Flight at the Improv
When a controller issues a non-towered airport IFR release, it typically follows a format like this: “N123AB released for departure. When entering controlled airspace, fly heading [degrees]. Clearance void if not off in [number of] minutes (or by a specified Zulu time). If not off in/by [minutes/time], advise [ATC facility] of intentions within/by [minutes/time].”
There are many elements in there and they can get a little jumbled during readbacks. Unfortunately, some pilots take the ad-libbing too far, starting their readback with: “N123AB is cleared for takeoff. When entering controlled airspace…”
Whoa. Was there a takeoff clearance in the original version? Nope. I realize it’s likely a readback habit stemming from flying out of towered airports. However, non-towered airports are a different animal, with different liabilities, and ATC can’t let a slip like that slide.
When a towered airport’s controller says, “Cleared for takeoff,” it’s not just a neat phrase. A lot of thought goes into it. They visually scan the runway for threats, ensuring nothing’s on the runway. That scan also includes the final and the departure airspace. If someone’s on final, they must notify them that you’re departing. They also must notify you of any mowers or personnel and equipment operating near the runway, unless they’re on the ATIS.
If you’re departing a non-towered airport, no one is doing all those checks but you. ATC can’t see you, the runway environment, or if there’s airborne traffic in the immediate area that could impact you. However, if you read back, “Cleared for takeoff,” ATC doesn’t correct it, and you collide with another aircraft on the runway, ATC could bear liability for that collision.
Therefore, ATC must correct the readback. I’ve lost track of how many times I’ve had to say, “Negative, N123AB, you are not cleared for takeoff.
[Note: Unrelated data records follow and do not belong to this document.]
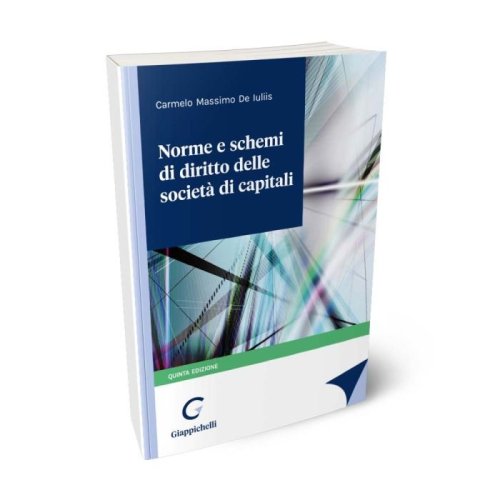 Norme e schemi di diritto delle societ&agrave; di capitali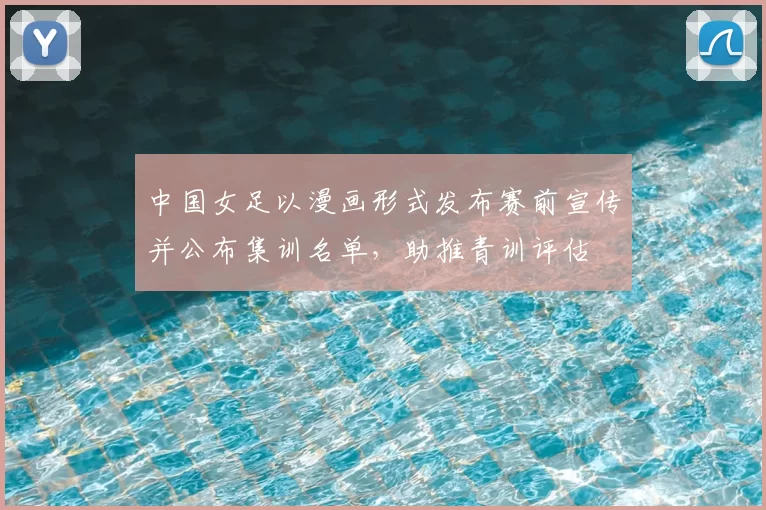 中国女足以漫画形式发布赛前宣传并公布集训名单,助推青训评估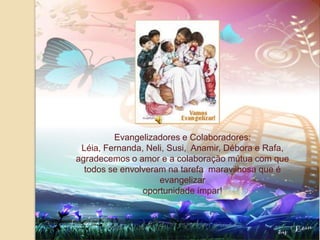 Evangelizadores e Colaboradores:Léia, Fernanda, Neli, Susi,  Anamir, Débora e Rafa,  agradecemos o amor e a colaboração mútua com que todos se envolveram na tarefa  maravilhosa que é evangelizaroportunidade ímpar!
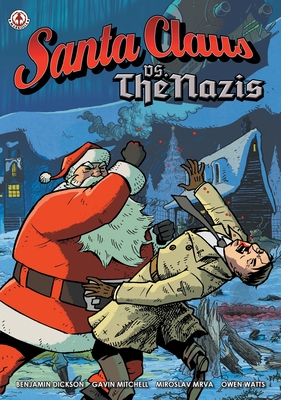 Santa Claus vs The Nazis - Dickson, Benjamin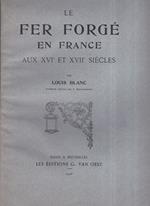 Le fer forgé en France au XVIe et XVIIe siècles Oeuvres gravées des anciens maitres serruriers architectes dessinateurs et graveurs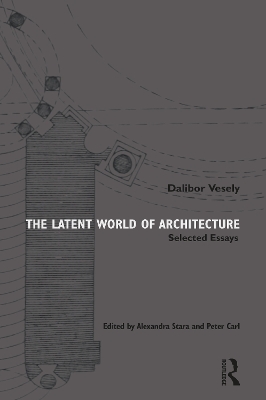 The Latent World of Architecture: Selected Essays by Dalibor Vesely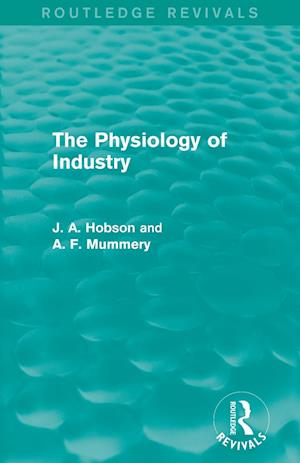 The Physiology of Industry (Routledge Revivals)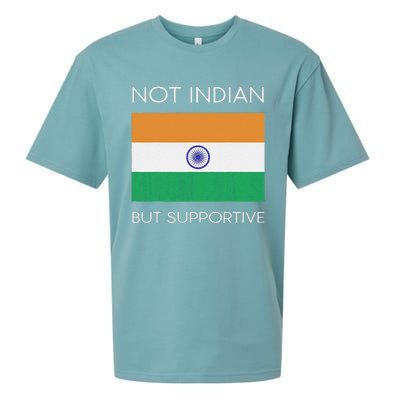 Not Indian But Supportive India Flag National Indian Flag Sueded Cloud Jersey T-Shirt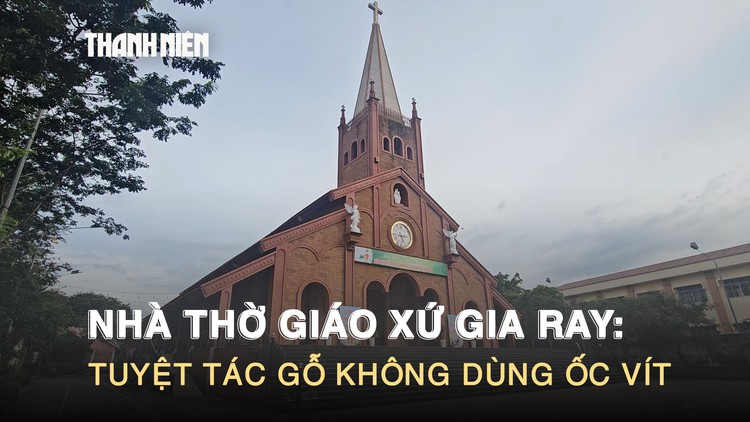 Khám phá Nhà thờ Giáo xứ Gia Ray: Tuyệt tác gỗ không dùng ốc vít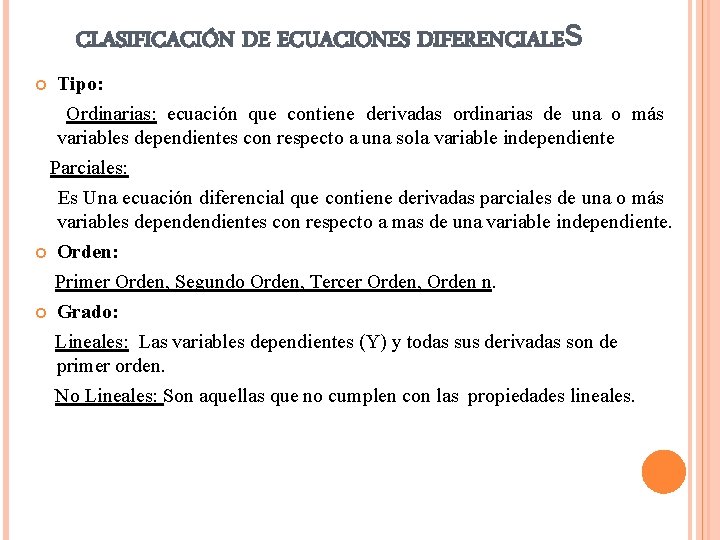 CLASIFICACIÓN DE ECUACIONES DIFERENCIALES Tipo: Ordinarias: ecuación que contiene derivadas ordinarias de una o CLASIFICACIÓN DE ECUACIONES DIFERENCIALES Tipo: Ordinarias: ecuación que contiene derivadas ordinarias de una o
You’re departing a non-towered airport and are released for departure.” It’s a reminder that no one has eyes on them until the radar controller identifies their target and says, “Radar contact.” As they taxi, take the runway, and depart, they’re still responsible for broadcasting all the appropriate position reports and separating themselves from traffic in the airport’s vicinity. —TK
Tarrance Kramer likes to keep his options open while working air traffic out in the MidWest.